Our current landscape concerning biomass accumulation affords an abundance of excess materials, all with unique characteristics and employed disposal or diversion strategies. Ongoing efforts to identify alternative uses for these materials is creating an industry of exploration and discovery, with significant strides already made and further breakthroughs likely on the horizon. While predictions and conceivable developments on the operational side enter our purview, other difficulties on the supply side still loom in the distance. Foundational economic factors will play a significant role as the biomanufacturing industry matures, requiring increased analysis and surveillance of material input conditions. Supply and demand form a key basis for any commodity, and as economies of scale evolve out of this industry, input cost, demand, sustainability, current and future availability will require continued and consistent evaluation. The Central Valley hosts several cautionary tales involving shifting global agriculture markets concerning these economic factors, which inevitably led to significant disruptions in production and processing potential.
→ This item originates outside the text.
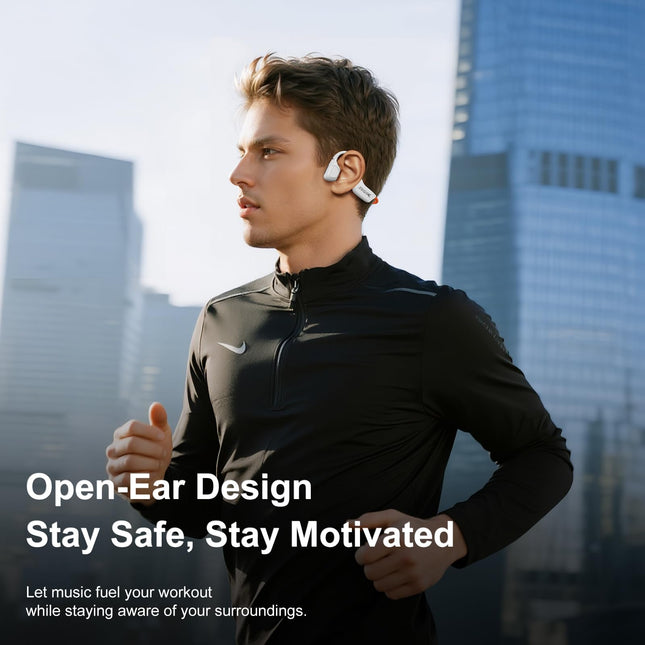 Jamsync Open Ear Headphones, Running Headphones Bluetooth 5.4 with Built-in Mic, Bluetooth Headphone 14H Battery & IPX5 Waterproof, Sports Headphones for Running, Cycling, Walking-White product image for BeHoo Toys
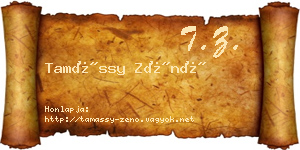 Tamássy Zénó névjegykártya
Exercising caution when making assumptions about future biomass input availability is advisable. Whether regional, country-wide, or multinational in scale, questions and conversations around absolute or comparative advantages will also arise. It is said that necessity is the mother of all invention, and it would be prudent to temper the novelty that occurs concomitantly with invention with sober appraisals of the economic variables intrinsically bound to the biomanufacturing industry moving forward.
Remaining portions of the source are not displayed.